[Problem requirements] Every line in the material below that includes "Item" should be copied.
==============================
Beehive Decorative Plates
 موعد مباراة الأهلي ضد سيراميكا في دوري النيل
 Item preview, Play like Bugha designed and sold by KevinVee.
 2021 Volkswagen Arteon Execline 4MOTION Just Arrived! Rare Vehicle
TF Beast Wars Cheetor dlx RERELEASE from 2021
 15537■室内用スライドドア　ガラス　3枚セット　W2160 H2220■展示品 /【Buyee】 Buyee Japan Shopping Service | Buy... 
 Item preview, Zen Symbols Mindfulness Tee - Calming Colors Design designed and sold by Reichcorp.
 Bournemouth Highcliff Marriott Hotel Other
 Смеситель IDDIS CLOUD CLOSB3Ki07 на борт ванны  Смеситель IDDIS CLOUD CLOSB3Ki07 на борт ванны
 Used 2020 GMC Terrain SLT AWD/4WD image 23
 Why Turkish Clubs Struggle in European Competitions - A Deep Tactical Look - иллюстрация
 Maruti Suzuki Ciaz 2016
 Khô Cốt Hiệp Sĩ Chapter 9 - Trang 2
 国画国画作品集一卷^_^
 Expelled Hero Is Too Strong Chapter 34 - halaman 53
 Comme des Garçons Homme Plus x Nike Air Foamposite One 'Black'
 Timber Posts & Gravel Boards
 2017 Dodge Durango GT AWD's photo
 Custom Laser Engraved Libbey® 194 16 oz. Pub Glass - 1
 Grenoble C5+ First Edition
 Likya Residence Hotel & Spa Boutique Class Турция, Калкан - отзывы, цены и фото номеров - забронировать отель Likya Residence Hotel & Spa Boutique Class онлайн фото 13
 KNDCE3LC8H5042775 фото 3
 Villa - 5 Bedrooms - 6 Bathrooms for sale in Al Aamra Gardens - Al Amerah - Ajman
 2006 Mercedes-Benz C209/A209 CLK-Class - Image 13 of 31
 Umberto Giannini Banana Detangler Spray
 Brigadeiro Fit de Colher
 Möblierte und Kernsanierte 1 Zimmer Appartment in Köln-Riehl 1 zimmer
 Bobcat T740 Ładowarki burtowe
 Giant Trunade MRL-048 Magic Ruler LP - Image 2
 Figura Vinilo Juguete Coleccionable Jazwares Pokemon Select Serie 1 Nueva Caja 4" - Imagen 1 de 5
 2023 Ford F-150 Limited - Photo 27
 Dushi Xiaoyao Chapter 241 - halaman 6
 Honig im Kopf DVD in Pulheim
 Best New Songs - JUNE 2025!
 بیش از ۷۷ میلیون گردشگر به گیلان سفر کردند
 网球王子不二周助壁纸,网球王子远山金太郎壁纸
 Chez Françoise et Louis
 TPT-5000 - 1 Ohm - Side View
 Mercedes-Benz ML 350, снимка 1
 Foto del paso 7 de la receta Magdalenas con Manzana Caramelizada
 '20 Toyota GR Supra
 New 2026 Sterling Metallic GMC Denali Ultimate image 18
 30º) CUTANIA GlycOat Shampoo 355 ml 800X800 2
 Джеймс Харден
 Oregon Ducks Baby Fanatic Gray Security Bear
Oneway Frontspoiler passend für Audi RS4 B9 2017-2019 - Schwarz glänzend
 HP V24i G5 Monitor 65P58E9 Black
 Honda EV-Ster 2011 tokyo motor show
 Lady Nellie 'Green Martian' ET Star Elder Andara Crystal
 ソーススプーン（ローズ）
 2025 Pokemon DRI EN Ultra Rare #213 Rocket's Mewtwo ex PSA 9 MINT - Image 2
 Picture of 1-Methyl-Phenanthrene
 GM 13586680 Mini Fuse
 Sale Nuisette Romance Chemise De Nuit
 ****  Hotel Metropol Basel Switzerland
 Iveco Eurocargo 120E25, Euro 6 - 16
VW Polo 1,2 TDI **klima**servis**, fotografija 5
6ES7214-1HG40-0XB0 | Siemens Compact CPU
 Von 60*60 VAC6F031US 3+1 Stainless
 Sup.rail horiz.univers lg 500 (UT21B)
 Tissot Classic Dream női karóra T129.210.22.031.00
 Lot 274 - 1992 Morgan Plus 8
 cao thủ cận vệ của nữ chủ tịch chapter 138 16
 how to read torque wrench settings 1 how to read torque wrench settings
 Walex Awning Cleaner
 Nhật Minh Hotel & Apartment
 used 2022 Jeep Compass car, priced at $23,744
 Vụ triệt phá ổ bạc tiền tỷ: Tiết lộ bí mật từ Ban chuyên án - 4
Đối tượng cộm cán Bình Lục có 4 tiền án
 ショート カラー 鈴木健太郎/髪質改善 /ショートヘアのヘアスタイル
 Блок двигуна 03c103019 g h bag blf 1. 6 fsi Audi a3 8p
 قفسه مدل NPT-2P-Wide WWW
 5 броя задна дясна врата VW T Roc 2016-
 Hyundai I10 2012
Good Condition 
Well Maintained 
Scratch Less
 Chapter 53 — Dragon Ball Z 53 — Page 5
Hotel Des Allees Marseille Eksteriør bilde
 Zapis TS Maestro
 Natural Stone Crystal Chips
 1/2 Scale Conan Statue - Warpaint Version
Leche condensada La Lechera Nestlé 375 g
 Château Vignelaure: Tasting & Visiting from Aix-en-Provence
==============================
[Task response]
 Item preview, Play like Bugha designed and sold by KevinVee.
 Item preview, Zen Symbols Mindfulness Tee - Calming Colors Design designed and sold by Reichcorp.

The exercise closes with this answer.